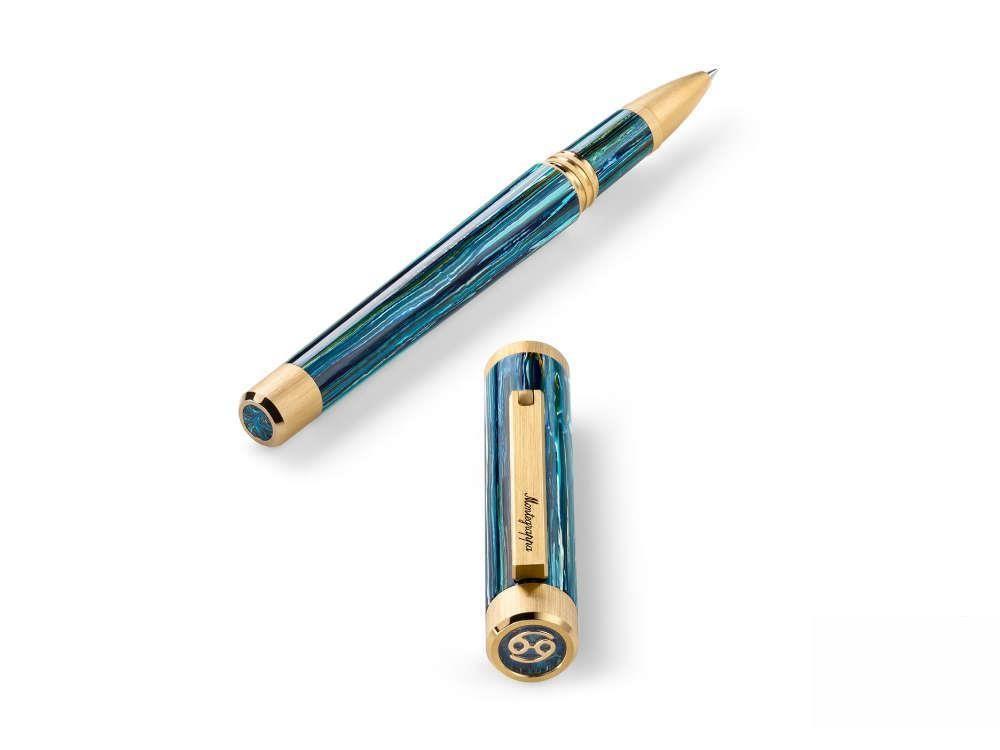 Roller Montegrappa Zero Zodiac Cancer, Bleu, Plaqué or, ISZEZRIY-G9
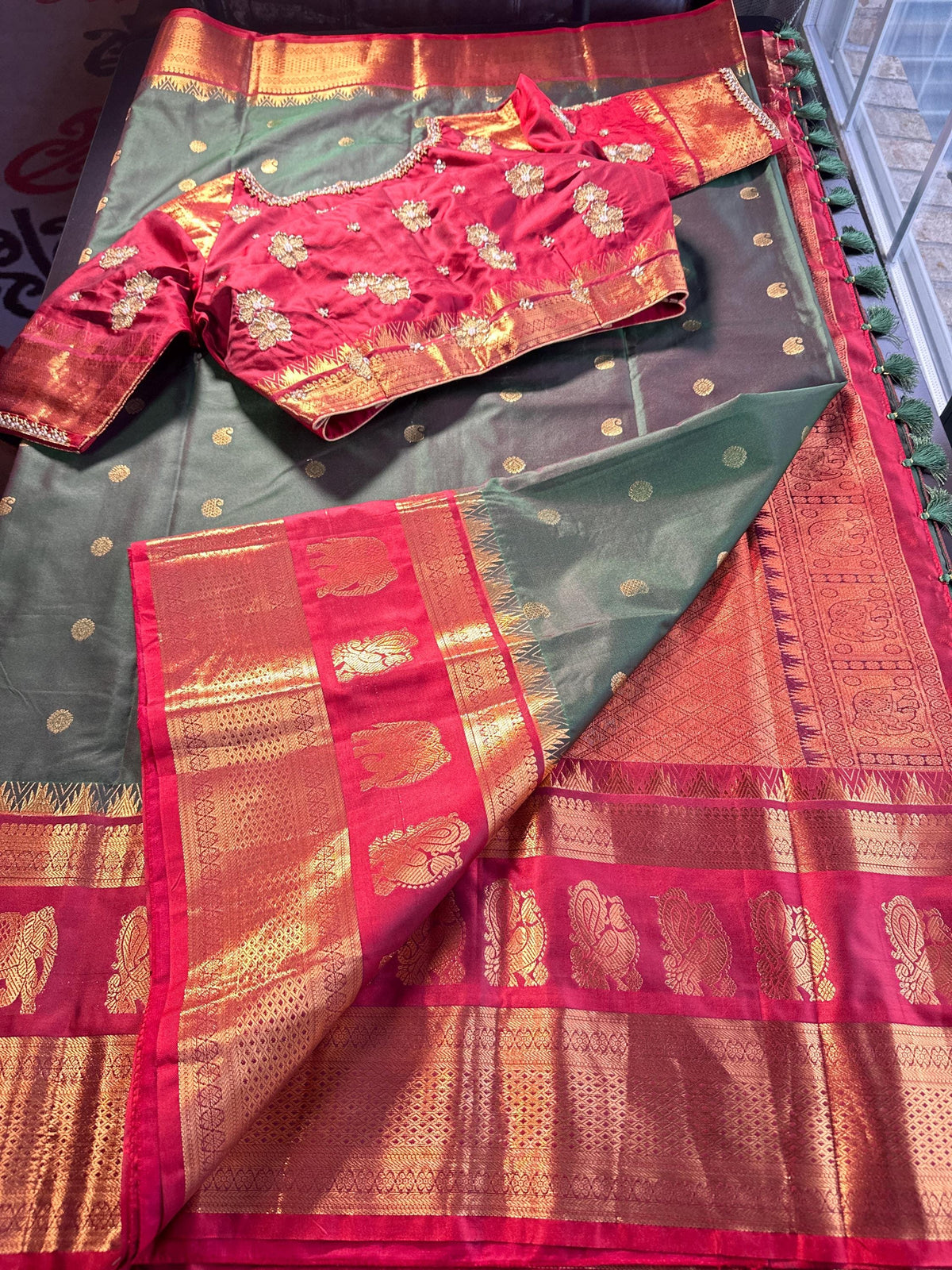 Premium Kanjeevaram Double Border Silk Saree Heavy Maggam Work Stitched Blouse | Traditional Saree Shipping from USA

...

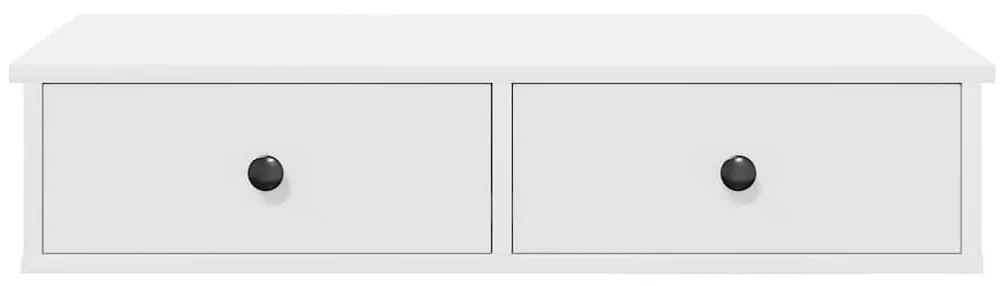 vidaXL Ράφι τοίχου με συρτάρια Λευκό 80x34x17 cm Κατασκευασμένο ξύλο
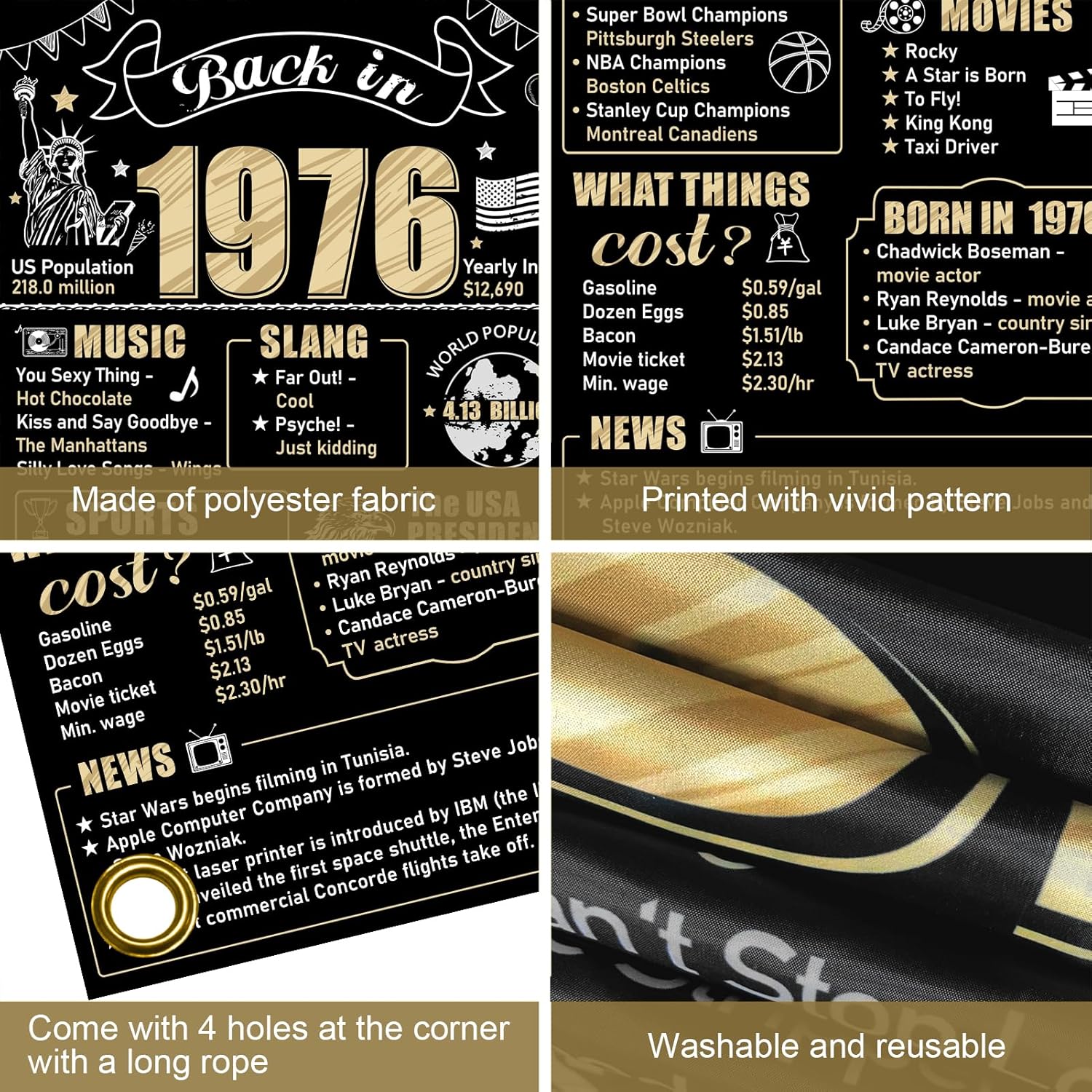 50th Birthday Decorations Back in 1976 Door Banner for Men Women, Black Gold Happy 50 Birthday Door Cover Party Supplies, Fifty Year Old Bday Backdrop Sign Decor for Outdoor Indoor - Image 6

=== WHAT TO WORK ON ===
Using the entries above, repeat exactly the lines from the one with "Roller Montegrappa Zero" to the one with "Premium Kanjeevaram Double", both included, and leave the pictures behind.

=== EXPECTED OUTPUT ===
 Roller Montegrappa Zero Zodiac Cancer, Bleu, Plaqué or, ISZEZRIY-G9
 Premium Kanjeevaram Double Border Silk Saree Heavy Maggam Work Stitched Blouse | Traditional Saree Shipping from USA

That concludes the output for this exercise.